The Quiet Crisis unfolding in Software Development — Medium
About Me
I’ve been working in software development for twenty-eight years. My current position is Senior Development Director at a software consulting company in Austin, Texas, a position I’ve held for just over six years.
My progression was originally technical in nature — I started out as an Associate Programmer Analyst fresh out of college. Back in those days one of my favorite hobbies was making fun of the stupidity of management. Only much later did I discover I had an aptitude for management — and actually enjoyed it.
The universe employs a cruel kind of karma.
In my current position as Senior Development Director there are six Development Managers that report to me. There are just under fifty software developers in my organization. We have enviably low employee turnover and very high customer satisfaction.
Over the years I’ve given my direct reports and their direct reports the same insights I’m going to share with you now. These insights are hard-won wisdom rather than something I intuitively knew or read about. That is to say, I learned the hard way.
The reason I’m sharing this is because over the last ten to fifteen years I’ve noticed a quiet crisis unfolding in software development leading to low quality applications, unhappy employees and unhappy users. Silver bullet solutions keep creeping into our awareness (Scrum, anyone?) and predictably keep letting us down.
This is almost entirely the fault poor management — or perhaps it should be called fad management. In the past I was to blame as much as anyone until I discovered and refined a basic set of practices that for the most part cause everything else to fall into place — at least in my experience. No promises. Here we go.
Be Wary of High Performers
Undoubtedly you’ve identified some of the developers on your team as high performers. These are the developers that tend to get work done quickly. Managers often choose and prefer these developers for projects in order to increase the odds of meeting aggressive — and frequently artificial — deadlines.

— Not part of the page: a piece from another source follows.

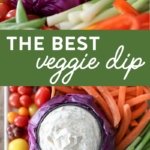 This is easily my favorite Veggie Dip recipe. It's so simple to make and packed with flavor. #veggie #dip #vegetable #dip #recipe #appetizer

Actual high performers are rare — very rare. You probably don’t have one on your team. You might think you do but you’re almost certainly wrong.
Odds are far better than good that your high performers are achieving what appears to be high levels of productivity by building technical debt into the application by taking shortcuts whether intentionally or unintentionally. Examples of shortcuts are not taking the time to design and architect things well at all levels (low to high — think objects and object hierarchies, database schema changes, etc.), failing to test adequately, and crafting code that is hard to read, maintain and extend.
These kinds of high performers are actually low performers when when TCO is factored in. Unless you’re a startup where time to market is the highest priority, keep these kinds of developers under close scrutiny with extensive design and code reviews.
If design and code reviews aren’t highly interactive with lots of questions and recommendations, your employees aren’t taking them seriously or they’re too shy to speak up. Very often one or two developers are interested in them but without obvious interest and input from the rest of the team even interested developers will tend to severely curtail their questions and recommendations.
With proper supervision and guidance in the long run so-called high performers will become better and happier developers and the overall productivity of your team will accelerate and improve: win-win.
Encourage Continual Product Improvement
Despite your best efforts technical debt will accrue: features are grafted into the application with ugly results, high priority bugs are patched in a quick and dirty fashion, management has unrealistic deadlines, requirements change — we’ve all been there.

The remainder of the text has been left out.